Italy’s election. Television drama

Series Title
Series Details No.8469, 18.3.06
Publication Date 18/03/2006
ISSN 0013-0613
Content Type ,

Date: 18/03/06

Romano Prodi emerges well ahead from the first televised debate

IT WOULD be ironic if Silvio Berlusconi, the supreme media politician, were to be toppled by television. But after the Italian prime minister's ill-starred televised debate with his centre-left challenger, Romano Prodi, on March 14th, that looks a distinct possibility. Within 24 hours, Mr Berlusconi's main allies had launched fierce attacks on his performance that can only undermine his leadership of the centre-right as it braces for the election on April 9th and 10th. Pier Ferdinando Casini, leader of the Union of Christian Democrats, called it a "missed opportunity". The deputy prime minister, Gianfranco Fini, who leads the National Alliance, said that Mr Berlusconi gave "the impression that all was well" but that floating voters knew "society still has many problems".

Mr Berlusconi himself looked disappointed even before the credits rolled on a tightly regulated duel in which both men were limited to timed answers to identical questions.

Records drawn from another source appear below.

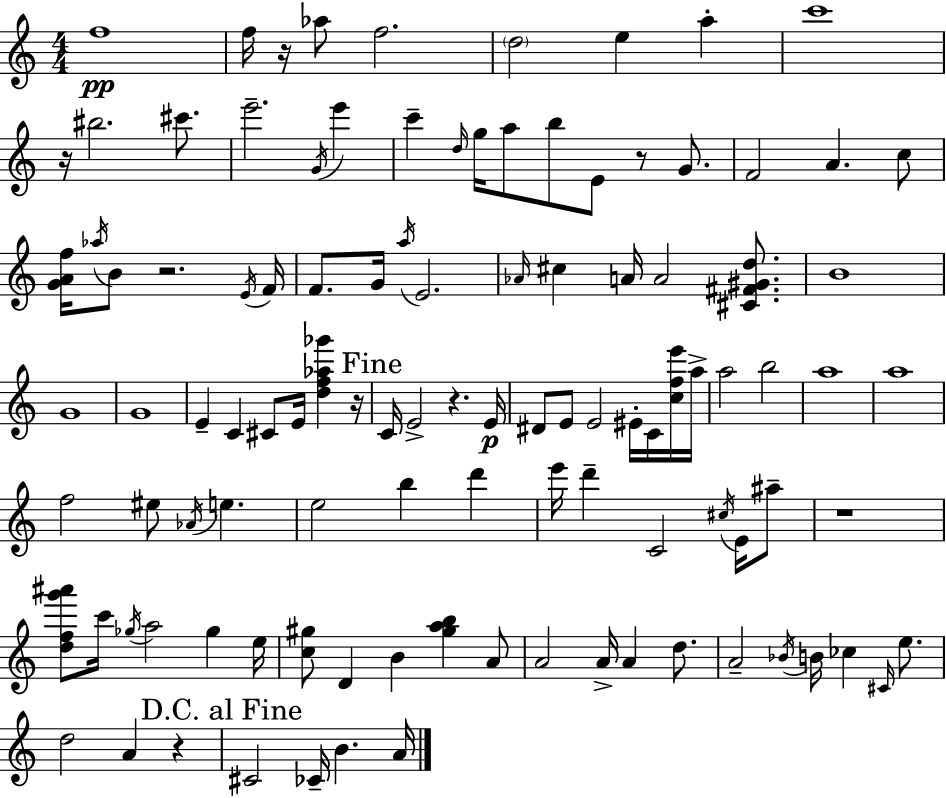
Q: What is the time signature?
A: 4/4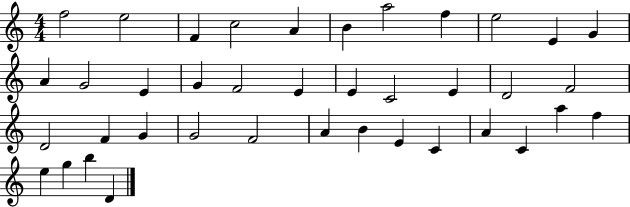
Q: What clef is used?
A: treble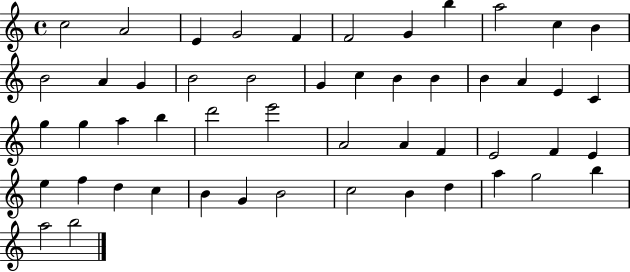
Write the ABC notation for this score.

X:1
T:Untitled
M:4/4
L:1/4
K:C
c2 A2 E G2 F F2 G b a2 c B B2 A G B2 B2 G c B B B A E C g g a b d'2 e'2 A2 A F E2 F E e f d c B G B2 c2 B d a g2 b a2 b2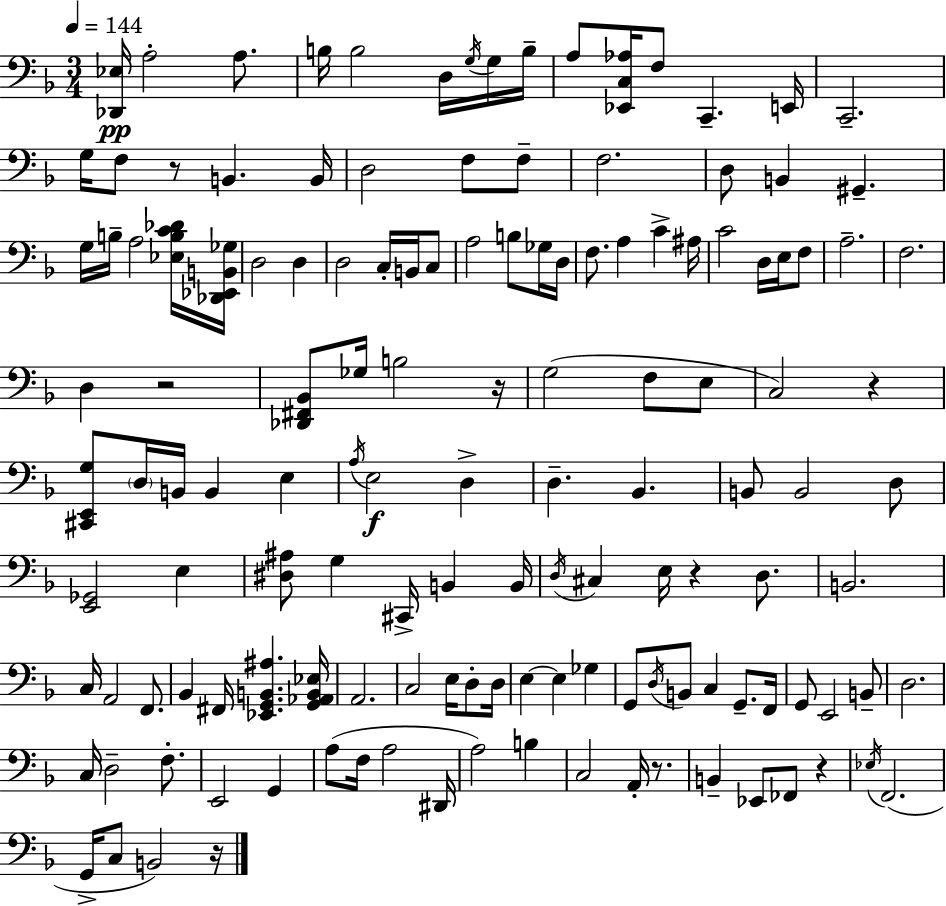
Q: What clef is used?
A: bass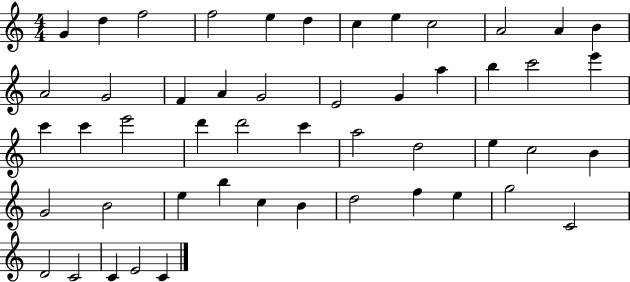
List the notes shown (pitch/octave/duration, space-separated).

G4/q D5/q F5/h F5/h E5/q D5/q C5/q E5/q C5/h A4/h A4/q B4/q A4/h G4/h F4/q A4/q G4/h E4/h G4/q A5/q B5/q C6/h E6/q C6/q C6/q E6/h D6/q D6/h C6/q A5/h D5/h E5/q C5/h B4/q G4/h B4/h E5/q B5/q C5/q B4/q D5/h F5/q E5/q G5/h C4/h D4/h C4/h C4/q E4/h C4/q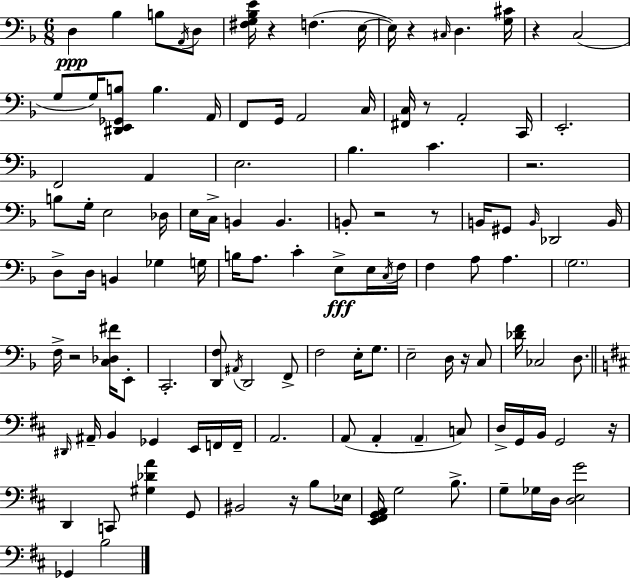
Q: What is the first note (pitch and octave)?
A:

The prime minister used up precious seconds of his closing address to complain about the format. A journalist reported hearing him mutter "bad, bad, bad" as he left. Mr Prodi, by contrast, positively beamed with satisfaction. Though handicapped by his husky voice, he displayed the more confident body language. Unlike his opponent, he spoke consistently to the camera, and hence to the undecided voters who were the real targets for both candidates. A survey this week suggested that 47% of viewers preferred Mr Prodi, against just 35% for Mr Berlusconi--though the polls also say that a quarter of voters have yet to make up their minds.

Until the debate, issues such as the sick economy had disappeared from the campaign amid rows about Mr Berlusconi's influence over the media and his use of it to talk up his government's record. That tactic backfired in the debate. By concentrating on the past, Mr Berlusconi let his opponent, who was prime minister before he became European Commission president in 1999, come across, rather unusually, as a man of the future.

After a string of attention-grabbing remarks by the prime minister, who has compared himself to Jesus Christ and pledged to give up sex until after the vote, pundits expected some memorable sound-bites. None was forthcoming. "This [was] not the political spectacle to which Silvio has made us accustomed," said Antonio Cornacchione, a comedian who likes to impersonate the prime minister while dressed as Napoleon. His act points to another emerging feature of the campaign. Mr Berlusconi's impudent self-confidence, once his greatest asset, now comes across as self-righteous pig-headedness.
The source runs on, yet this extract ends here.